Par ailleurs, l’Afrique de l’ouest est depuis longtemps un lieu de transit intercontinental, la porte d’entrée de la cocaïne en provenance de l’Amérique latine à destination de l’Europe. Les enjeux économiques, sécuritaires et stratégiques de la piraterie et du trafic de drogue sont incontestables.

La pêche illicite de son côté, fait perdre chaque année à l’Afrique de l’ouest, plus de 170 milliards de FCFA. Cette activité illégale appauvrit les stocks de poissons, détruit les habitats marins, entraîne une distorsion de concurrence pour les pêcheurs honnêtes et affaiblit les communautés côtières, notamment en Afrique.

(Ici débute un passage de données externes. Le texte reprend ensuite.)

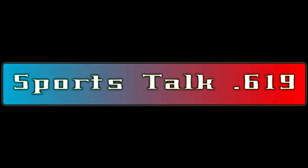Welcome, everybody, to a new Sports Talk 619. I'm your host, Jesse the Bot.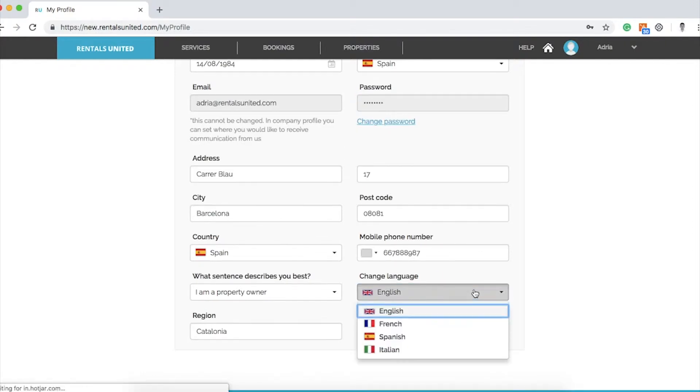To any of the available languages: English, French, Spanish, or Italian. This language preference is only shared with Rentals United and not with sales channels.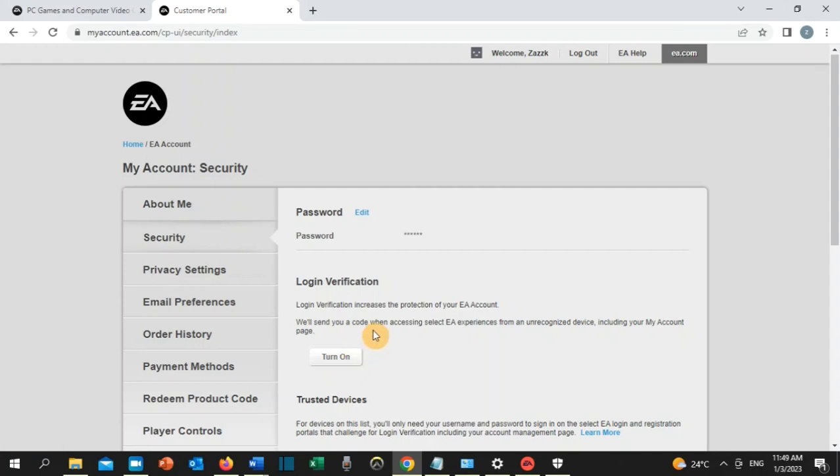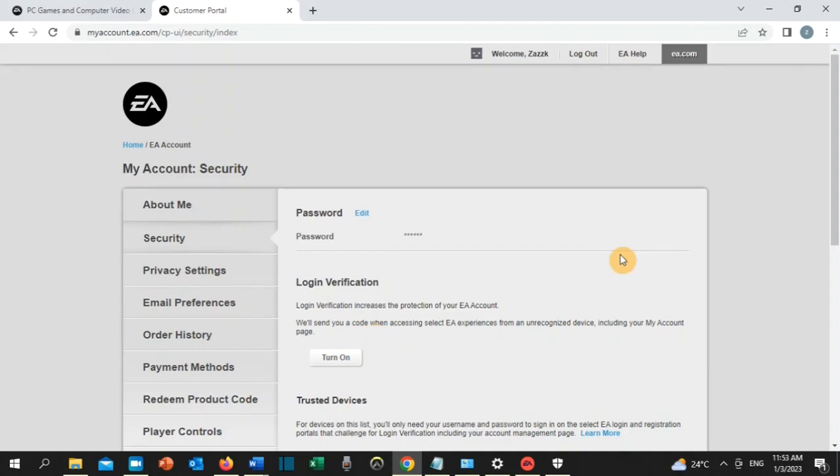This is a temporary solution until EA sorts out this issue. Once you turn off login verification, go back to the game. The error should be resolved. With that, I have come to the end of this video.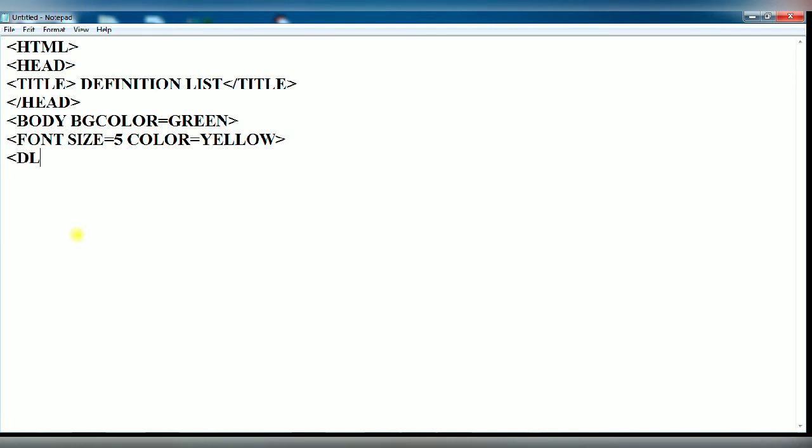Now you use the DL tag. It is used to create a definition list. After typing the DL tag, you type the DT tag. It will display the definition term.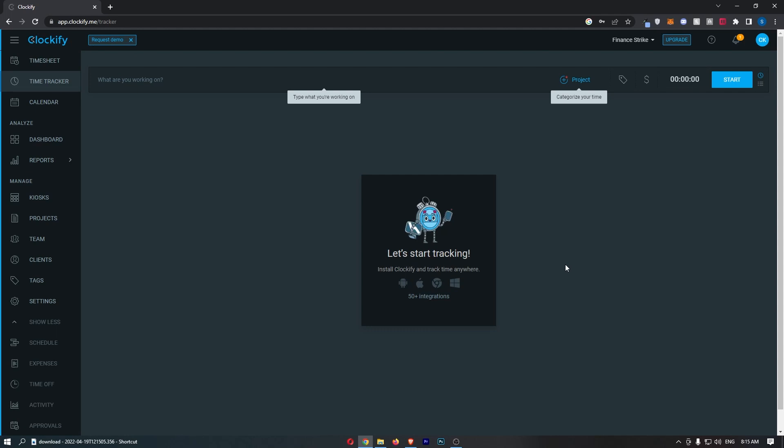Okay, so to do this, you first of all want to load up Clockify right here and sign in to your account.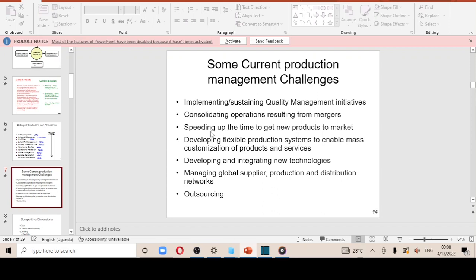Another challenge is speeding up the time to get new products to the market. There is also the challenge of developing flexible production systems to enhance mass customization of products and services — being flexible enough to produce jerseys customized for different customers based on what they want. Additionally, developing and integrating new technologies is a challenge, as it is very difficult to adopt new technologies — for example, due to the COVID situation, a firm may bring in new technology that workers find difficult to use.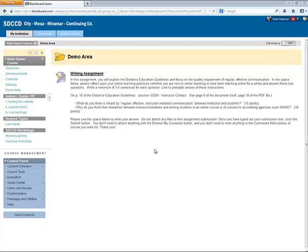Let's look at grading assignments. In this course I have a writing assignment here that students have begun submitting. So how do I view and grade their submissions?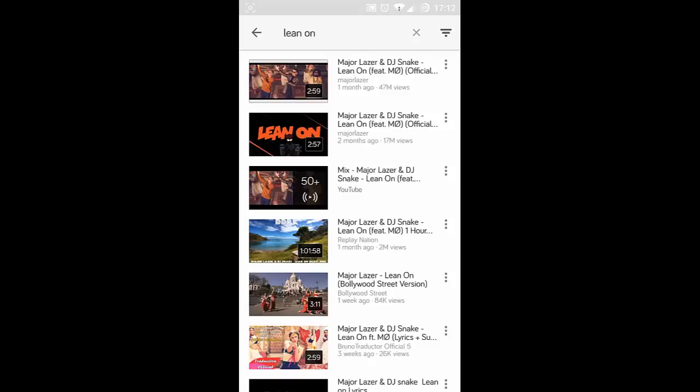in this method I am going to show you the easiest method you can find to play these YouTube files or YouTube videos in the background without any root, nothing like that.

Or, la pêche contribue de façon vitale à la sécurité alimentaire et nutritionnelle de plus de 200 millions d’Africains et apporte des revenus à plus de 10 millions de pêcheurs. A tout cela, s’ajoutent des tonnes de déchets toxiques et d’hydrocarbures régulièrement déversés dans nos océans. Dans ce contexte, l’unique possibilité pour l’Afrique est de prendre son destin en mains, d’où les différentes initiatives aux niveaux régional et continental.

1- Le sommet de Yaoundé

Tenue en juin 2013 à Yaoundé (Cameroun), cette rencontre avait regroupé une douzaine de Chefs d’Etats d’Afrique centrale et occidentale. Objectif principal du sommet : « mutualiser leurs moyens » financiers et militaires, afin de venir à bout des pirates dans le Golfe de Guinée. Ce sommet a débouché sur un mémorandum d’entente et la signature d’un code de conduite entre la Communauté Economique des Etats de l’Afrique Centrale (CEEAC), la Communauté économique des Etats d’Afrique de l’Ouest (Cedeao) et la Commission du Golfe de Guinée (CGG), pour une lutte mutualisée contre la piraterie.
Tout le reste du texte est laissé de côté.